May 14, 2020
Electrolysis: Chemists have discovered how to produce better electrodes
Another step forward for renewable energies: The production of green hydrogen could be even more efficient in the future. By applying an unusual process step, chemists at Martin Luther University Halle-Wittenberg (MLU) have found a way to treat inexpensive electrode materials and considerably improve their properties during electrolysis. The group published their research results in the journal ACS Catalysis.
Hydrogen is thought to be the solution to the storage problem of renewable energies. It can be produced in local electrolysers, stored temporarily and then very efficiently converted back into electricity in a fuel cell. It also serves as an important raw material in the chemical industry. However, the green production of hydrogen is still hampered by the poor conversion of the supplied electricity. "One reason is that the dynamic load of the fluctuating electricity from the sun and wind quickly pushes the materials to their limits. Cheap catalyst materials rapidly become less active," says Professor Michael Bron from the Institute of Chemistry at MLU, explaining the basic problem.
His research group has now discovered a method that significantly increases both the stability and the activity of inexpensive nickel hydroxide electrodes. Nickel hydroxide is a cheap alternative to very active, but also expensive catalysts, like iridium and platinum. The scientific literature recommends heating the hydroxide up to 300 degrees. This increases the stability of the material and partially converts it to nickel oxide. Higher temperatures would completely destroy the hydroxide. "We wanted to see this with our own eyes and gradually heated the material in the laboratory to 1,000 degrees C," says Bron.
As temperatures increased, the researchers observed the expected changes to the individual particles under the electron microscope. These particles were converted to nickel oxide, grew together to form larger structures and, at very high temperatures, formed patterns reminiscent of zebra crossings. However, electrochemical testing surprisingly showed a constantly high activity level of the particles, which should have no longer been usable in the electrolysis. As a rule, large surfaces and, hence, smaller structures are more active during electrolysis. "We therefore attribute the high level of activity of our much larger particles to an effect that, surprisingly, only occurs at high temperatures: the formation of active oxide defects on the particles," says Bron.
Using X-ray crystallography, the researchers discovered how the crystal structure of the hydroxide particles changes as temperatures increase. They concluded that when heated to 900 degrees C, a point at which the particles exhibit the highest level of activity, the defects undergo a transitioning process that is completed at 1,000 degrees C. At this point, activity suddenly drops again.

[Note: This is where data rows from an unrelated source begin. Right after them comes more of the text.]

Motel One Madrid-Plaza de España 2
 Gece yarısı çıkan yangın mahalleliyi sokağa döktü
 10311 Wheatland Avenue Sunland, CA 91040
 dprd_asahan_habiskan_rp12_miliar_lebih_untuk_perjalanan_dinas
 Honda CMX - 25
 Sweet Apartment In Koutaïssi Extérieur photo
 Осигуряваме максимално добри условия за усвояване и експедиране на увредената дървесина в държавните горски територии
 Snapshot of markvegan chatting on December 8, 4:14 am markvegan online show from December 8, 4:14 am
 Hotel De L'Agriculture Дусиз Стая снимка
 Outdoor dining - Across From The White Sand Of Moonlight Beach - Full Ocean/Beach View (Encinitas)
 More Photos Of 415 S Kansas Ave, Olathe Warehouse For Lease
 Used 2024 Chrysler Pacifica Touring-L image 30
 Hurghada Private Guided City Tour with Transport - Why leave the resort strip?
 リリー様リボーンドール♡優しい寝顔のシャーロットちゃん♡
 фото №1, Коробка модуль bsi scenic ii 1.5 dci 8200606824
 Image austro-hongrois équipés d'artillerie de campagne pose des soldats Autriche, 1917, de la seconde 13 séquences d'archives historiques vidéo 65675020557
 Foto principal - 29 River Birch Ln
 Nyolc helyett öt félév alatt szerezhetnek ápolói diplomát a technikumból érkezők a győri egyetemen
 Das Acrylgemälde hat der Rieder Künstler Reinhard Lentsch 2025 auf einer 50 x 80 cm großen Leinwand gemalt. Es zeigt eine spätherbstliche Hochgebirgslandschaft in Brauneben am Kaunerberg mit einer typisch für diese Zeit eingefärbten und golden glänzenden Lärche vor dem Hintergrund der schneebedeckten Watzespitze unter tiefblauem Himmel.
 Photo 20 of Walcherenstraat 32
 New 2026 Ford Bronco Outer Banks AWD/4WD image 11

Bron and his team are confident that they have found a promising approach since, even after repeated measurements after 6,000 cycles, the heated particles still generated 50% more electricity than the untreated particles. Next the researchers want to use X-ray diffraction to better understand why these defects increase the activity so much. They are also looking for ways to produce the new material so that smaller structures are retained even after heat treatment.